代表取締役社長の大西敬吾氏は、エンジニアリングや機械学習の分野で現場のデジタルトランスフォーメーション(DX)に携わってきた経験を持つ。設立時から創業メンバーとして参画し、現場知見と技術の融合による業務効率化に取り組んでいる。経営陣にはCFOの高木氏らが加わり、外部パートナーとの協業やグローバル展開にも注力している。
製造業やインフラ施設の保守・点検を取り巻く環境では、人材不足や高齢化、熟練技術者の減少、設備の老朽化といった課題が顕在化している。経済産業省の調査によれば、保全要員の平均年齢は上昇傾向にあり、一人当たりの点検業務量が増加することで、故障や事故の早期発見・対応が難しくなっている。また、製造業DX推進やカーボンニュートラル、ESG経営の観点からも現場データのデジタル化と業務効率化が求められている。競合としては、IoTセンサーや計器メーカー、画像解析AIベンダーなどの点検自動化ソリューションが存在するが、現場ごとの多様な設備、既存計器への対応力、設置性やコスト面が各社の競争ポイントとなっている。

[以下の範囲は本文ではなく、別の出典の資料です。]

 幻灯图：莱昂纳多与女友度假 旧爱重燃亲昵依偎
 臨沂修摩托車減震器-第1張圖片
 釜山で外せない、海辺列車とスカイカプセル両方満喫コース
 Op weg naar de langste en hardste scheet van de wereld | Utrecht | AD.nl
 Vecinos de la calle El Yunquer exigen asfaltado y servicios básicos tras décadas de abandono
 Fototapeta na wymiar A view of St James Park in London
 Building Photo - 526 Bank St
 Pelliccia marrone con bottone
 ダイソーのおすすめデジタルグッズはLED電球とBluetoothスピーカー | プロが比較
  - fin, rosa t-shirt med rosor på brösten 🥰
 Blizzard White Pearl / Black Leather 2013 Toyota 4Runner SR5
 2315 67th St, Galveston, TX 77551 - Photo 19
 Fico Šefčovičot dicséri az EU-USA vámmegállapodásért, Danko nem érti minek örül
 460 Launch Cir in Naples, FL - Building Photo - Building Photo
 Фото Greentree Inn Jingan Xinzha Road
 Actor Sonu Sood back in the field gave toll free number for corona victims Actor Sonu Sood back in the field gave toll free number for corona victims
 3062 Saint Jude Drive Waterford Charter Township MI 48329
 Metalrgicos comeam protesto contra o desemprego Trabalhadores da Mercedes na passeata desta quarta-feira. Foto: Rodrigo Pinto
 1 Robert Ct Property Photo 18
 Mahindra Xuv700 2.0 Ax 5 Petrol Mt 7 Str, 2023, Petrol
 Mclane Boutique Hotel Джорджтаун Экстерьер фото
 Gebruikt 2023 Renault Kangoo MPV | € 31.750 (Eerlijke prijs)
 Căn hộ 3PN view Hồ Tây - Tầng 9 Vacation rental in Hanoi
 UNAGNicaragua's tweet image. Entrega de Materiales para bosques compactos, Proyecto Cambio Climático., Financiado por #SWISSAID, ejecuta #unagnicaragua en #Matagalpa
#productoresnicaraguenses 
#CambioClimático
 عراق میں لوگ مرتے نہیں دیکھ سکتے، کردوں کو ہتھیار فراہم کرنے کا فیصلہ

今回の資金調達により、LiLzは「五感点検ソリューション」をはじめとした研究開発体制の強化、国内外の事業拡大に向けた体制の強化及び販売促進を加速する方針だ。
製造業やインフラ施設の点検・保守現場のデジタル化は、人手不足や属人的な点検からの脱却、予防保全の効率化といった社会的課題に直結する領域である。今後も現場ニーズに即したデジタルソリューションの開発と導入が進むかどうか、業界関係者の関心が集まっている。